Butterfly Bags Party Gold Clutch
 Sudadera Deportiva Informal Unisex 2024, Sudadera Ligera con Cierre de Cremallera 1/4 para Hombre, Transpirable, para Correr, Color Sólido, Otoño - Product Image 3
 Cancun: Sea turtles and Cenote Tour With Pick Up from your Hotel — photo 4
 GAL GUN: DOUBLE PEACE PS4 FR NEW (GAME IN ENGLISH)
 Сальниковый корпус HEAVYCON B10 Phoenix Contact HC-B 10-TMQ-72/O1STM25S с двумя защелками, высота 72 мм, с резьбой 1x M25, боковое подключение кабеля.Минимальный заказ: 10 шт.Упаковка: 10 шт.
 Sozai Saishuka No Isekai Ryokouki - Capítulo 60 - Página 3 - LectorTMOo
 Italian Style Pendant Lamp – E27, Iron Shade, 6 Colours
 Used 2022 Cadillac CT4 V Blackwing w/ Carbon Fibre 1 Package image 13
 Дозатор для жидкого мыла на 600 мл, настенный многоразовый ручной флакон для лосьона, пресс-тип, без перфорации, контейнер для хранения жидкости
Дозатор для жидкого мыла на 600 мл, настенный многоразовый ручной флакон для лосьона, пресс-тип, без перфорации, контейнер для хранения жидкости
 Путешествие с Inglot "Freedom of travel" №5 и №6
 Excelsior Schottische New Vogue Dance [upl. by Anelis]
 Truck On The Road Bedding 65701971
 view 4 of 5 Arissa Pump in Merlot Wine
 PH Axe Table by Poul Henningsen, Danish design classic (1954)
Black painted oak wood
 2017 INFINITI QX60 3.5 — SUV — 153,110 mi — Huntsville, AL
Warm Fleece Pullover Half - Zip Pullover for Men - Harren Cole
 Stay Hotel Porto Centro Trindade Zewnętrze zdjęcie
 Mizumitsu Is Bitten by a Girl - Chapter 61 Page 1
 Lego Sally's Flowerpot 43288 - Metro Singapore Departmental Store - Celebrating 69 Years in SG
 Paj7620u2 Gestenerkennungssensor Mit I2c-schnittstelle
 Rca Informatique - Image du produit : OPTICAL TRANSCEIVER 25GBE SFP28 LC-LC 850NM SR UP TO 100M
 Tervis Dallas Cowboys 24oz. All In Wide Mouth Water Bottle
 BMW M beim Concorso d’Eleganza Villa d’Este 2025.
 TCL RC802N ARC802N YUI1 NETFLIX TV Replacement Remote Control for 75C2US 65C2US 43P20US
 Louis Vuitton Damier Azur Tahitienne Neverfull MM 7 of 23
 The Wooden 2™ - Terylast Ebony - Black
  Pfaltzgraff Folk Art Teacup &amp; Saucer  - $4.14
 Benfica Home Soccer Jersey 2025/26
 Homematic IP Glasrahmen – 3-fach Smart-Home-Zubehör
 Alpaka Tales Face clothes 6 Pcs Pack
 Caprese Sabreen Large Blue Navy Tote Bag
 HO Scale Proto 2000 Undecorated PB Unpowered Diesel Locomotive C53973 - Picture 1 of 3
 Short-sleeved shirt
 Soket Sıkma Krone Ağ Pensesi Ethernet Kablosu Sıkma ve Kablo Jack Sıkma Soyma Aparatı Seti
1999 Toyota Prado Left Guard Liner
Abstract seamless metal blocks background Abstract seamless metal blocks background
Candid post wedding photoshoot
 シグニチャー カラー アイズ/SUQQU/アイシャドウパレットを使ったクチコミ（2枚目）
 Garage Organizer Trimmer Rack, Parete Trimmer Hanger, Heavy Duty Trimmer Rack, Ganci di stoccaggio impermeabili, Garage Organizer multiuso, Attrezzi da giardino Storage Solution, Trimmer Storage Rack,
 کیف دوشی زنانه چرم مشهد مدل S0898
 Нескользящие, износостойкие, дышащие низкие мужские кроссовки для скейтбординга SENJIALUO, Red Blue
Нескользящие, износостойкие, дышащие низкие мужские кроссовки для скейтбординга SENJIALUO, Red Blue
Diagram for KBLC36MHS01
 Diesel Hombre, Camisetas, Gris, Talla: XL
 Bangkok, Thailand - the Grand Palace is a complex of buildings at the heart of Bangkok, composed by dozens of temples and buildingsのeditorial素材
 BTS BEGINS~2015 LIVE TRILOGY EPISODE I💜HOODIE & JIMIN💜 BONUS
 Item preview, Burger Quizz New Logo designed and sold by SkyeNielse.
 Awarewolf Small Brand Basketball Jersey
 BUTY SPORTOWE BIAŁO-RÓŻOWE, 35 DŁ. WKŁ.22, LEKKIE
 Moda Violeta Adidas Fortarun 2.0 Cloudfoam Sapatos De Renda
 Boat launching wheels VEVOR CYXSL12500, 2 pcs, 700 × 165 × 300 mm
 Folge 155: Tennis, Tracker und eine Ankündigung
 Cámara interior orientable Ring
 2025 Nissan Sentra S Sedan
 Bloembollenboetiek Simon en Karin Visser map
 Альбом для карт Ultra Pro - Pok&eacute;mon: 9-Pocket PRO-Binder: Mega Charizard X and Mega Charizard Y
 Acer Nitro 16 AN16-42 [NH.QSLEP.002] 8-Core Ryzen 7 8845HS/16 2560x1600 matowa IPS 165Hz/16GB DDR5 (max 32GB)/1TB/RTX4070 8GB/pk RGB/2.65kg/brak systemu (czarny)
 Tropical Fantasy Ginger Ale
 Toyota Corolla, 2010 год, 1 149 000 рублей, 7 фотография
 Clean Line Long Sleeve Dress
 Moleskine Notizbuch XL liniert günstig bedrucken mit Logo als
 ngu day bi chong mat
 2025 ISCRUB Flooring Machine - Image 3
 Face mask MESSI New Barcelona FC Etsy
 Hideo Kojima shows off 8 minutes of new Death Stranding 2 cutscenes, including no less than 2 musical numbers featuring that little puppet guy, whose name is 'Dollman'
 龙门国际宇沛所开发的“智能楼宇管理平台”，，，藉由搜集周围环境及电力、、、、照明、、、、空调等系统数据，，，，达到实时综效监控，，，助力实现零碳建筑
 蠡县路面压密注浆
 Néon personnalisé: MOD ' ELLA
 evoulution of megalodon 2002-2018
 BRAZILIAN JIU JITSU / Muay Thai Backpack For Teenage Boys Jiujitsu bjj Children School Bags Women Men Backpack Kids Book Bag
========
> [DIRECTIONS FOR THIS TASK]: Look above for the line holding "Alpaka Tales Face clothes 6 Pcs Pack". Print it and every line after it, exactly, through the line holding "Short-sleeved shirt".

> [TASK RESULT]:
 Alpaka Tales Face clothes 6 Pcs Pack
 Caprese Sabreen Large Blue Navy Tote Bag
 HO Scale Proto 2000 Undecorated PB Unpowered Diesel Locomotive C53973 - Picture 1 of 3
 Short-sleeved shirt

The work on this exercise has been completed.